As you would guess from our organization title, we have an opinion and perspective on what it means to be someone that is called a professional in the world of animal rescue and we’re happy to share it. Please know though, that our goal is to start a conversation and not to pass judgment. We welcome YOUR perspective on the subject so please talk back to us. Here’s our take to get the conversation started:

At ARPA we believe that there are 4 criteria that differentiate whether someone can be called an Animal Rescue Professional or not. In our opinion, an Animal Rescue Professional is someone who:

1) Goes beyond the hobby

2) Focuses on continuous learning

3) Applies standards & best practices

4) Pays it forward

Goes beyond the hobby

The dictionary defines a hobby as “an activity done regularly in one’s leisure time for pleasure.” The dictionary further defines a profession as “an occupation, especially one that involves prolonged training and a formal qualification.” As you know there are thousands of volunteers in animal rescue and many of them volunteer to help in many different aspects of animal rescue. From volunteering with transporting to fostering animals needing a temporary home; from walking dogs at the local shelter to doing loads of laundry to keep the blankets clean, these volunteers are often the lifeblood of both animal rescues and shelters who count on them to make the operations run smoothly. But are these volunteers animal rescue professionals? We by no means intend to take anything away from the great work these volunteers do but our perspective is that they have not crossed into the professional threshold through these activities. The tasks they are doing are being defined by people that are rescue professionals, and the volunteers are operating within the framework given to them without regard to how it was developed. In our opinion, for a volunteer to satisfy the criteria to go beyond the hobby, they need to be more regularly involved than in their leisure time and perform the activities often enough to move towards the definition of a professional. For example there are thousands of people that do volunteer rescue relay transport each week in the U.S. But for many of them, it is an infrequent activity at best volunteering monthly or even quarterly when the story or photos of the animals needing to be moved touches their heart. We believe that there is not a hard and fast number of activities a person has to perform in order to cross the threshold between hobby and profession so let’s talk about some of the other criterion that differentiates professionals.

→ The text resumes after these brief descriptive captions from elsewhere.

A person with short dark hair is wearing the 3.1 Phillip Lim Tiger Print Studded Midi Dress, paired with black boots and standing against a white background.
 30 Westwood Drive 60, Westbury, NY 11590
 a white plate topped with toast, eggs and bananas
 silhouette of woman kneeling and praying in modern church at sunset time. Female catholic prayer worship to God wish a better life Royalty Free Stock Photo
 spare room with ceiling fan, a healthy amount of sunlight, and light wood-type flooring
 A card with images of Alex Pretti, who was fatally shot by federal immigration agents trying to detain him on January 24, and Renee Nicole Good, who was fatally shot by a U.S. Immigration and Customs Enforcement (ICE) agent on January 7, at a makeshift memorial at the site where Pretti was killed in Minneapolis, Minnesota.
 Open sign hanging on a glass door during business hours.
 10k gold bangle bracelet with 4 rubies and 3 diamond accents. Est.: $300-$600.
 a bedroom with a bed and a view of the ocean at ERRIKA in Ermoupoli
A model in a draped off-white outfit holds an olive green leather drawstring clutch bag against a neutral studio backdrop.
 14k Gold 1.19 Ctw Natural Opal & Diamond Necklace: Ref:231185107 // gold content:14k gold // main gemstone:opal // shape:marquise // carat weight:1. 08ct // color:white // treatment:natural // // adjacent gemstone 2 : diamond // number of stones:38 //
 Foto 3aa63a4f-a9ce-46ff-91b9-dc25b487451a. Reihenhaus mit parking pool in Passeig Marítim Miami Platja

Focuses on continuous education

From the time we are born until the time we pass on, we are constantly learning and absorbing more and more information. But just passively participating in activities is not considered continuous education in our definition. A professional in animal rescue activities is someone that makes continuous education a part of their regular activities. Whether you are an animal photographer, an animal handler, or even an animal rescue foster professional, constantly seeking out more information to better perform the activities you do helps differentiate an animal rescue professional, from volunteers and hobbyists. Keep in mind that we are not trying to insinuate that only formal coursework and classes are acceptable forms of continuous education. Working with other professionals to learn new skills, participating in online training or webinars, and reading books on the profession are all examples of furthering your eduction towards being a professional.

Applies standards & best practices

Learning from others that have gone before us and applying their learnings and practices is another differentiator and indicator that a rescuer is down the path of a professional. The standards of animal care, the best practices in animal medicine and the standards for animal transport are all things that have been developed prior to us, or with our active participation. Learning and applying these to the profession is an indication that you are dedicated to the ongoing development and success of the industry.

Pays it forward

Contributing back to the profession or the people that are active in it is the final criteria for determining whether someone is an animal rescue professional. Simply participating or doing activities is not enough in our opinion, to consider yourself or someone else a professional. Whether paying it forward by educating others in the profession, leading and guiding volunteers, or contributing to learnings through blogs, videos, tutorials or other courseware, paying it forward is critical to demonstrating your leadership in the world of animal rescue and by our criteria, required to be considered a professional.

Our perspective is that simply satisfying one or two of these criterion does not make someone an animal rescue professional. You have to meet all four of these to be considered a professional. So what is your perspective? Agree? Disagree? Are we being too harsh or not setting the bar high enough? We welcome the discussion.